In the last couple of weeks at our outdoor worship, we’ve asked, “What is your big question?” More than once, the question from the younger children has been, “Who made God?”
Now, this is a great question.
It’s a question that people have asked for a very long time, especially children because they’re honest and questioning.
One famous answer comes from Ludwig Feuerbach, who said, “God did not, as the Bible says, make humans in God’s image; on the contrary humans, as I have shown in The Essence of Christianity, made God in their own image.”
Now that’s an interesting answer… but it doesn’t answer adequately answer the child’s question, “Who made God?”
We wonder, If God made us, who made God? If there is a maker who made us, presumably the making of things continues back and back like nested dolls.
The classic answer is from the creeds. God is unmade, the one who made all things but is not made. God is beyond making. Not “begotten” or born. God just is. This is the answer you get, for example, in Moses’ dialogue with the burning bush. “I am who I am.”
That’s probably the oldest religious answer in the Jewish and Christian tradition. In our tradition, God simply is, or even more simply, there is God. The Name. Hashem. And that’s why there’s a lot of mystery around God’s name in the Old Testament. Many of the authors of the Hebrew Scriptures preferred not to write out the actual name of God. They preferred to leave it, and would instead just say “The Name.” Hashem.
All of this line of questioning goes after the issue of creation. Who made us and who made God? And that is an important and interesting line of questioning.
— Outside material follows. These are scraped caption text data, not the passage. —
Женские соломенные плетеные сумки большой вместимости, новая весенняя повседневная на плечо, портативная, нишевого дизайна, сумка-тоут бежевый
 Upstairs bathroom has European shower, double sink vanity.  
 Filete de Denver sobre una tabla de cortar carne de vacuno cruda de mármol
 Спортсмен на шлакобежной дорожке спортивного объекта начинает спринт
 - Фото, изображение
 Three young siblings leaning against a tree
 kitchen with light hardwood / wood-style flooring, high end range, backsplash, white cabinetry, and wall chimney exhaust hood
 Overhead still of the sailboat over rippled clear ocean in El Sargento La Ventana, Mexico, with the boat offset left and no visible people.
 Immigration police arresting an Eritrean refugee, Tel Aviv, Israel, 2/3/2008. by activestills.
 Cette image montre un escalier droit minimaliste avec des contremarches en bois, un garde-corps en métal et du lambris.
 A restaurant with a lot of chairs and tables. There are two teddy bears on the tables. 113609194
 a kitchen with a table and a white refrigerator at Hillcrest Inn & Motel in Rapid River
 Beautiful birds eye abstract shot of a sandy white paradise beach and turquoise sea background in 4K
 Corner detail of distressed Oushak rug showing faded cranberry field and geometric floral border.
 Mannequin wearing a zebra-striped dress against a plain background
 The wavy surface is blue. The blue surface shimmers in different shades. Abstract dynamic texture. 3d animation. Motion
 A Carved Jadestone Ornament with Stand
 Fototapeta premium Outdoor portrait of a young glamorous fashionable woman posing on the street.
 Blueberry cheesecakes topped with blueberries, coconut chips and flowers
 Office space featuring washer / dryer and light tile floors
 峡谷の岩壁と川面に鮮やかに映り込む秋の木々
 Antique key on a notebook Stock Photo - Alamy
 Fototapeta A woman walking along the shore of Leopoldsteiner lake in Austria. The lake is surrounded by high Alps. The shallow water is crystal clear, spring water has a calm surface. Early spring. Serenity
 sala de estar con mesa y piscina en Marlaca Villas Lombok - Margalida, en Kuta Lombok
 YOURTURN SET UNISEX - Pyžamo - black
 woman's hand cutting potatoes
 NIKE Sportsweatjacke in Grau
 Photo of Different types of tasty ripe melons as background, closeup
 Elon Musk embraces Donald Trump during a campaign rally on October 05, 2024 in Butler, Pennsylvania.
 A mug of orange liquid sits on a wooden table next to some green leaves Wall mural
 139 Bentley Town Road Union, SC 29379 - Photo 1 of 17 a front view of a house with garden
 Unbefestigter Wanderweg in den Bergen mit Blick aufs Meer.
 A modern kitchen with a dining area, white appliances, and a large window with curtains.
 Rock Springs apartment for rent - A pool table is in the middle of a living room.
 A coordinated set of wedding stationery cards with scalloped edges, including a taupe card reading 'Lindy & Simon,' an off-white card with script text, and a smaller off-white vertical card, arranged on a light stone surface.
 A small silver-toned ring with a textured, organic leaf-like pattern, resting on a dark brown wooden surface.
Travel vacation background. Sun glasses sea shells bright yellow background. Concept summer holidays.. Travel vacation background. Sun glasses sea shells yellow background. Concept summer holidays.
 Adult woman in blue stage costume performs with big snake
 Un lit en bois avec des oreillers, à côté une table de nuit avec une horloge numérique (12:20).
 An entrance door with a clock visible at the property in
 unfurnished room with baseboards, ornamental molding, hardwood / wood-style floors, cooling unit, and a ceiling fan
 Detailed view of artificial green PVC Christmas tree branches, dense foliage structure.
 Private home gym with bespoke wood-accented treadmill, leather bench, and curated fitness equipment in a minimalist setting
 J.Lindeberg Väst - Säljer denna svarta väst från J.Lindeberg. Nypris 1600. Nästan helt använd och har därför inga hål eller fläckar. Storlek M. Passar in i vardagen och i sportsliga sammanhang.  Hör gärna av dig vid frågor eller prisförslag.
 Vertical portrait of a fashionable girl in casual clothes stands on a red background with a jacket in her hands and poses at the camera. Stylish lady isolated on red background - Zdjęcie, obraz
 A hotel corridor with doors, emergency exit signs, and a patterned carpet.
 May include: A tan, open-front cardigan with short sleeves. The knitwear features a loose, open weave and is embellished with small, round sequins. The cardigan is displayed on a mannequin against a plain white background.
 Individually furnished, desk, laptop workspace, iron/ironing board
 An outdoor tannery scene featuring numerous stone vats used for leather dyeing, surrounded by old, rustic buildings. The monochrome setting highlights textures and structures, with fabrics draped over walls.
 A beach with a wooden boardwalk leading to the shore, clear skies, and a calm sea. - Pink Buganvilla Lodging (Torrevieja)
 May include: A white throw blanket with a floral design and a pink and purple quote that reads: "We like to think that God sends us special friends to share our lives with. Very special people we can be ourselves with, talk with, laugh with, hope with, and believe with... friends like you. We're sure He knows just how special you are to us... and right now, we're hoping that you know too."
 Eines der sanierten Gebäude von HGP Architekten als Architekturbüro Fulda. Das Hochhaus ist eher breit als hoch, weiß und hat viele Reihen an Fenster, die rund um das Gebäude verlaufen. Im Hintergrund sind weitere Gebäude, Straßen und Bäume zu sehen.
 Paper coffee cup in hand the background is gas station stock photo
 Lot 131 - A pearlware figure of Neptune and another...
But all of those questions end up in a kind of abstract deism. It emphasizes God within a monotheistic tradition… that there is one being, who has made all things, and everything else is not God because only God is God, the one God.
And then you end up with very interesting philosophical theological discussions about whether God has “being” in the same way that “beings” have “being…”
Or is God above or beyond “being”?
But Christians have tended to go after a different question. We have experienced God personally. If we’re talking about a personal God, then the question becomes, not “who made God,” but “how is it that I know this God that has made me?”
And the answer to that question happens to lie with our understanding of the Trinity. Not Trinity as a mathematical formula to cause us confusion. But Trinity as the way of saying how Jesus Christ as a human being born of Mary is also God.
Because what we have is we have a witness to the God we know in Jesus Christ. And essentially anybody who participates in this faith tradition has had a personal experience of hearing about Jesus Christ. Christ himself reported to the disciples that he knew God personally as Father.
This becomes a different topic then. Not who made God? But rather, how do we know God and how can we know something about God? How does God know us?
And the answer to that question is actually… Jesus Christ. The answer is not a philosophical point, but instead a person.
You still might wonder how or why God exists in that framework. And for that answer, beyond simple faith and trust in Christ as the one who is witness to God as the Maker of all things and his parent, we have one more way to go about this. Go all the way back to little before Feuerbach, who said that the idea of God is kind of a projection of humanity, because they need a god.
Well, what do they need from God in particular? They needed a God who loves them, a kind of spiritual device to help them with their fears and aspirations.
The reason we pray in our darkest moments. The reason why we care for our neighbor. The reason why we care for ourselves. Because of love. And what we know in Christ, is that Christ loved us so much that He gave His life for us. A kind of sacrifice but different, not a sacrifice appeasing God, but a sacrifice of commitment or solidarity with us in spite of our unbelief, or rejection.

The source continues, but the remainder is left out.